Die EU arbeitet mit Hochdruck am AI Act, um ein Gesetz und somit juristische Richtlinien zu schaffen. Der Beitrag erklärt, was der AI Act ist und wo es zu Problemen kommen kann.

Dass Produkte, Anwendungen und Systeme mit künstlicher Intelligenz oder maschinellem Lernen nicht nur Vorteile bringen, wird vielen Anwendern nach den ersten Anwendungsversuchen schnell klar.

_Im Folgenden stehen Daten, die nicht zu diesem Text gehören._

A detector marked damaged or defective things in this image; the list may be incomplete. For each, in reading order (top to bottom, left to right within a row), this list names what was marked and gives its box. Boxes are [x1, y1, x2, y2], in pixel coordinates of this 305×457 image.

Deswegen wird auf verschiedenen Ebenen an Richtlinien und Standards gearbeitet. Dazu gehören unter anderem Organisationen wie das Fraunhofer Institut (wir berichteten).

Aber auch auf Gesetzesebene soll im Europäischen Raum klare Rahmenbedingungen für den Einsatz von KI geschaffen werden. Dazu wird derzeit im Europäischen Parlament an einem Gesetz gearbeitet, dem Europäischen Artificial Intelligence Act, kurz AI Act. 

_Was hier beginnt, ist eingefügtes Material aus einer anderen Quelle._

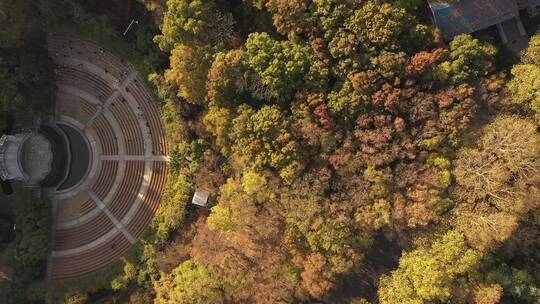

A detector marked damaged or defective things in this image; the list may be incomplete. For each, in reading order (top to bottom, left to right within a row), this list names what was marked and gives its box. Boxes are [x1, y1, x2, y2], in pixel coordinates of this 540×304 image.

rusty metal roof [430, 0, 520, 40]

Der Artificial Intelligence Act (AIA)

Der AI Act Gesetzesvorschlag der Europäischen Union zur Regulierung von künstlicher Intelligenz (KI). Der offizielle Name lautet Verordnung zur Festlegung harmonisierter Vorschriften für Künstliche Intelligenz (Gesetz über Künstliche Intelligenz) und wurde am 21. April 2021 von der Europäischen Kommission vorgestellt.

Der Zweck des AI Act besteht darin, einen rechtlichen Rahmen für den Umgang mit KI in der EU zu schaffen, um sicherzustellen, dass sie sicher, ethisch und rechtmäßig eingesetzt wird. Der Vorschlag enthält eine Reihe von Regeln und Anforderungen für die Anwendung von KI in verschiedenen Bereichen, darunter auch strenge Regeln für bestimmte Hochrisiko-Anwendungen.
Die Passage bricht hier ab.